**Work order:** Would you write out the lines from the one containing "Vitória provoca Flamengo" to the end of the records below, exactly and in full, please?

==================================================

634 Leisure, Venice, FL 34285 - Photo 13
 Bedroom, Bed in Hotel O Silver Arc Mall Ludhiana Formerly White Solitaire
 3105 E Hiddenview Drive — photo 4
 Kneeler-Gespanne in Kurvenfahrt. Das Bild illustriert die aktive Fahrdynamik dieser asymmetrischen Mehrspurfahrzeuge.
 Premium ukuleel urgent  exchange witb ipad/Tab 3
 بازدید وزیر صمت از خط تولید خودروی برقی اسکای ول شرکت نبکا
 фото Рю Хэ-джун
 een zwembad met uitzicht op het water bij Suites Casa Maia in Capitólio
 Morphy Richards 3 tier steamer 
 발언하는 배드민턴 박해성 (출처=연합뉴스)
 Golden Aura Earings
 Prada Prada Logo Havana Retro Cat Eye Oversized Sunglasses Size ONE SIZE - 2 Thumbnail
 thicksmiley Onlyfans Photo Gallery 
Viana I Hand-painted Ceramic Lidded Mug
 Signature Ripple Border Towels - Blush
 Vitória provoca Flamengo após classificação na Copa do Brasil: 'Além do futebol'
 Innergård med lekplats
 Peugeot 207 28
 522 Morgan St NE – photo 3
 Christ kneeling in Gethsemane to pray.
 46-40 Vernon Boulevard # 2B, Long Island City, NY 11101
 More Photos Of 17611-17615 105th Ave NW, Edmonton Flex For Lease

==================================================

**Response below:**
 Vitória provoca Flamengo após classificação na Copa do Brasil: 'Além do futebol'
 Innergård med lekplats
 Peugeot 207 28
 522 Morgan St NE – photo 3
 Christ kneeling in Gethsemane to pray.
 46-40 Vernon Boulevard # 2B, Long Island City, NY 11101
 More Photos Of 17611-17615 105th Ave NW, Edmonton Flex For Lease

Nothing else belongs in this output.